Том 2. Проза и драматургия — страница 22 из 76

Когда я подал заявление об уходе. Король дважды довольно тупо прочитал его, потом снял очки и большой мясистой ладонью помял глаза, как бы раздумывая, что выбрать из вихря вариантов, проносившихся в голове. Из этого вихря он выбирал обычно почему-то самые банальные варианты.

— Что я могу сказать? — сказал он, и я знал, что ему сказать и вправду совершенно нечего. — Это большое легкомыслие. Больше ничего. Ты можешь мне сказать что-нибудь более внятное, кроме «по собственному желанию»?

Ну не мог же я объяснить ему все причины… Это и вправду было легкомыслием.

— Мне надоело, — ответил я, — быть пересказчиком событий. Я хочу сам эти события делать.

— Чем ты будешь заниматься?

— Сменю профессию, Король.

— На кого?

— На кому, — сказал я, — так по-русски будет правильней.

— Ну ладно, на какую профессию?

— Стану озером. Буду лежать и отражать облака.

— Может, тебе нужно немного передохнуть? Давай мы покрутимся без тебя. Могу попробовать достать путевку через наш Союз в Варну.
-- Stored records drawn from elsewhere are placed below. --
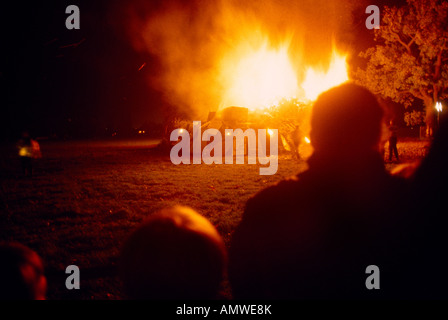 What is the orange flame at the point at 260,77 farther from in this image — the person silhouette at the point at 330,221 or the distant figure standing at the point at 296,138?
the person silhouette at the point at 330,221

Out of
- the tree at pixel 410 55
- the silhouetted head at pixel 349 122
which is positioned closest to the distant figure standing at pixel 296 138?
the tree at pixel 410 55

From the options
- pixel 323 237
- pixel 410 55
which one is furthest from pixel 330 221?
pixel 410 55

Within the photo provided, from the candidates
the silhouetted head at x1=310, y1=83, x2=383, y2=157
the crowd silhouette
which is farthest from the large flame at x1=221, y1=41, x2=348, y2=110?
the crowd silhouette

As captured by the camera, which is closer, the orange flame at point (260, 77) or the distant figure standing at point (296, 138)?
the distant figure standing at point (296, 138)

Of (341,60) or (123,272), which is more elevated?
(341,60)

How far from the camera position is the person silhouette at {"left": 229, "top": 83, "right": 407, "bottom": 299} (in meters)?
1.55

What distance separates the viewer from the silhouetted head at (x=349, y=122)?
67.1 inches

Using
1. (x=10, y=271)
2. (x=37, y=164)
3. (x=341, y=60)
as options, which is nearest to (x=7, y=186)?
(x=37, y=164)

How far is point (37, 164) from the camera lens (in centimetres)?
1706

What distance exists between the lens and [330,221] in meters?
1.59

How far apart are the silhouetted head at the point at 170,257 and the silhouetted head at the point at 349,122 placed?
0.84 metres

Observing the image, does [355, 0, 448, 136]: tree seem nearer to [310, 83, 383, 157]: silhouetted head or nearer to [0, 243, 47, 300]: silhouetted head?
[310, 83, 383, 157]: silhouetted head

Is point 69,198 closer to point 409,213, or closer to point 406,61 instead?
point 409,213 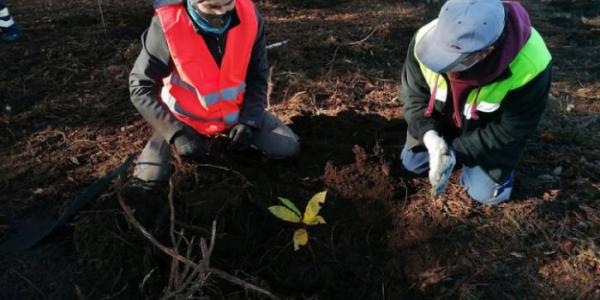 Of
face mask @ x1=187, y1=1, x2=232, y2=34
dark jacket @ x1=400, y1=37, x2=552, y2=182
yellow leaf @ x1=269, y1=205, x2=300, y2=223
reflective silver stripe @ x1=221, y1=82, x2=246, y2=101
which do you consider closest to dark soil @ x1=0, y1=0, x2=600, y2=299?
yellow leaf @ x1=269, y1=205, x2=300, y2=223

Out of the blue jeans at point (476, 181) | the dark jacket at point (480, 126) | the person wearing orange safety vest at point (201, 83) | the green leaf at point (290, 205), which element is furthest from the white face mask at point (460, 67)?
the person wearing orange safety vest at point (201, 83)

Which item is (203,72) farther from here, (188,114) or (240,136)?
(240,136)

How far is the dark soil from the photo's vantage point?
2.05m

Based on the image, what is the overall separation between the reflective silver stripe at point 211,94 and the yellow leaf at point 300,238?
90 cm

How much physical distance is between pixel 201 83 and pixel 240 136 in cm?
38

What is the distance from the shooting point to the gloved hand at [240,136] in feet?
8.30

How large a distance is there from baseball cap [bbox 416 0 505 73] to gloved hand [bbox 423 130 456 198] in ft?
1.70

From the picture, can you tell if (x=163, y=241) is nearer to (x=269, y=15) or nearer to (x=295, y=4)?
(x=269, y=15)

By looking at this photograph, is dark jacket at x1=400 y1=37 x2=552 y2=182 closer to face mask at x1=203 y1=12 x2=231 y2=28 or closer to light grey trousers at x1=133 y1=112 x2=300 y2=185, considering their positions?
light grey trousers at x1=133 y1=112 x2=300 y2=185

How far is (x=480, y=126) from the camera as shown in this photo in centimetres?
244

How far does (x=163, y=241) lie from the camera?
7.12 feet

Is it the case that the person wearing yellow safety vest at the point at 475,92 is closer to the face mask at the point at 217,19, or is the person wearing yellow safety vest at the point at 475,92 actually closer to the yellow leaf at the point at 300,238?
the yellow leaf at the point at 300,238

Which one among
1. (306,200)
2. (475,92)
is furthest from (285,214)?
(475,92)

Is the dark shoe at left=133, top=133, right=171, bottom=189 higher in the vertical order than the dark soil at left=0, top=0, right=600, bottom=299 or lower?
higher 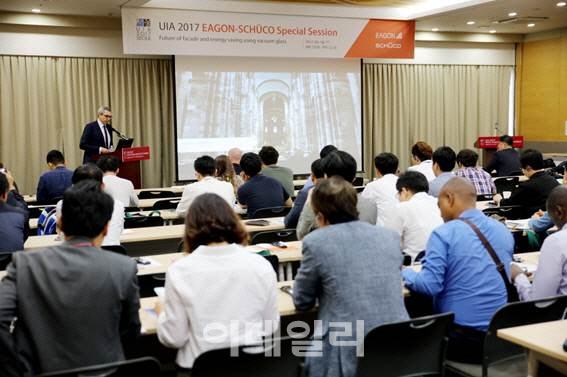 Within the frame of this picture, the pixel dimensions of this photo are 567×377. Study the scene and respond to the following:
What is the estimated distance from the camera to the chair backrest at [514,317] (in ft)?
9.32

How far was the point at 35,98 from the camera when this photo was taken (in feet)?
32.8

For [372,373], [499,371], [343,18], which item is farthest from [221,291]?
[343,18]

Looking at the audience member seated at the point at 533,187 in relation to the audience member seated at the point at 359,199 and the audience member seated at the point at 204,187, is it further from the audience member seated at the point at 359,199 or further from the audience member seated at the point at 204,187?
the audience member seated at the point at 204,187

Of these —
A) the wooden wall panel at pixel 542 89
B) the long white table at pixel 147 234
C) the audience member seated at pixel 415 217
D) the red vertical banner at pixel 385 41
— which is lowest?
the long white table at pixel 147 234

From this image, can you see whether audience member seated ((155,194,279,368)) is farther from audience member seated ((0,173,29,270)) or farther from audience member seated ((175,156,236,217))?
audience member seated ((175,156,236,217))

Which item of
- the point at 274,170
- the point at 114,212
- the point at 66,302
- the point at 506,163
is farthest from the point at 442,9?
the point at 66,302

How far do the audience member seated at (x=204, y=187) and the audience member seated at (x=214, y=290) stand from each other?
3.29 meters

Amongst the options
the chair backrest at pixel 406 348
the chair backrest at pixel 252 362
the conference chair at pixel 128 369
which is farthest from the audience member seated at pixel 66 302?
the chair backrest at pixel 406 348

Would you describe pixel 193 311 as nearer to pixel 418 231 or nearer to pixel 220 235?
pixel 220 235

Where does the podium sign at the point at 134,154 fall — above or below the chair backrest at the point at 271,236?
above

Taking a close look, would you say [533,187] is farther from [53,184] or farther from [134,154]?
[134,154]

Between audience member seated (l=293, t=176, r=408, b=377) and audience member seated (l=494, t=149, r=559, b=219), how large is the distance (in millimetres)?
3713

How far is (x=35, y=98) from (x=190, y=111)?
243cm

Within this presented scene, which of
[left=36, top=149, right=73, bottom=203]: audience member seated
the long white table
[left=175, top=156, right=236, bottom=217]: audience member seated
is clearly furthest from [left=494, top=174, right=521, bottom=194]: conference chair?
[left=36, top=149, right=73, bottom=203]: audience member seated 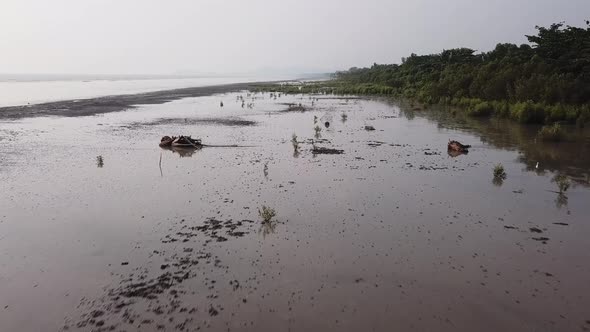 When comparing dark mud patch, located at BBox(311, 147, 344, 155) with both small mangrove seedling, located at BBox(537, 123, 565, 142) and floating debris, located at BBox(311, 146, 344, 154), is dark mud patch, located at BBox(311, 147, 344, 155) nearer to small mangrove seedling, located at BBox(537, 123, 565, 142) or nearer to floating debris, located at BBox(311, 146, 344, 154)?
floating debris, located at BBox(311, 146, 344, 154)

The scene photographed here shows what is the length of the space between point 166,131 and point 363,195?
64.2ft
— Я и сам могу достать такую путевку через наш с тобой Союз.

— Ну так что же?

— Я все решил. Мне сорок лет, жизнь к излету.

— Тебе вот именно что сорок лет! — возмущенно сказал Король, но, возмутившись этим фактом, он вывода из него так и не сделал.

Я знал, что этот разговор — последний. Шеф был в Америке, а его зам. Шиловский был настолько стар и равнодушен ко всему и не интересовался ничем, кроме методов лечения почечно-каменной болезни, что мог бы утвердить мне зарплату большую, чем у него самого. Шеф — другое дело. Он был из наших. Да и в редакции не решалось ни одного важного дела, чтобы шеф, как бы мимоходом, не поставил бы меня в известность или как бы попутно не выяснил бы моего мнения, которое он вскоре выдаст за свое. А может быть, наши мнения просто совпадали? Не знаю. Да и не важно теперь все это.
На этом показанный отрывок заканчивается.